# Family Choice for GLM with 0-1 Dependent Variable

want to analyze the relationship between the dependent variable "Knowledge_index" (va numeric variable ranging between 0 and 1, both inclusive) and several independent variables (type “factor”, including "Age", "Gender", "Place_birth", "Residence_time", "Education" and "Professional_sector".

str(data\$Knowledge_index) num [1:430] 0.88 0.63 0.75 0.25 1 1 0.88 0.75 0.88 0 ...

The model: glm1 <- glm(Knowledge_index ~ Age+Gender+Place_birth+Re

sidence_time+Education+Professional_sector, data = data, family = quasibinomial(link = "logit"))

Since the dependent variable has values between 0 and 1, tengo entendido que es correcto usar a quasibinomial distribution with a logit link function (family = quasibinomial(link = "logit")). Is this correct or should I use another family?

Attached is also histogram of the dependent variable.

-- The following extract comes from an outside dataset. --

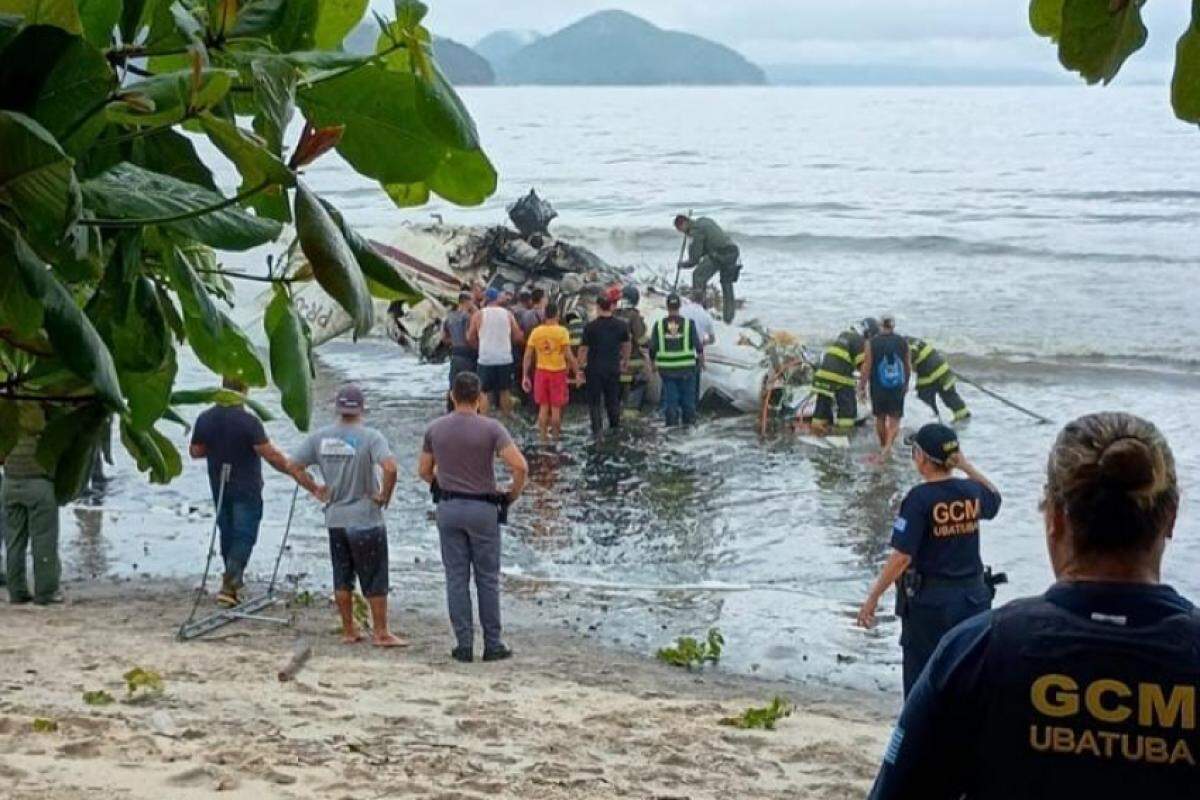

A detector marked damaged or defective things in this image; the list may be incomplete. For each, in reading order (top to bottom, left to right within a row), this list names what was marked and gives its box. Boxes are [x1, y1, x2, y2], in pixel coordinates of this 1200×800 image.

Below I add more information about the construction of the index (the dependent variable). This index is constructed from 4 questions asked to the respondent (I1, I2, I3, I4). The calculation is summarized below Knowledge_Index = (0.25 * I1) + (0.25 * I2) + (0.25 * I3) + (0.25 * I4). For example, if the respondent answers all 4 questions correctly, the result would be Knowledge_Index = (0.25 * 1) + (0.25 * 1) + (0.25 * 1) + (0.25 * 1) = 1. If the respondent answers three questions correctly and one incorrectly: Knowledge_index = (0.25 * 1) + (0.25 * 1) + (0.25 * 1) + (0.25 * 0) = 0.75

Thank you very much in advance!!

If `Knowledge_Index` represents a proportion (of say something like total knowledge), the quasibinomial family with the logit link is appropriate.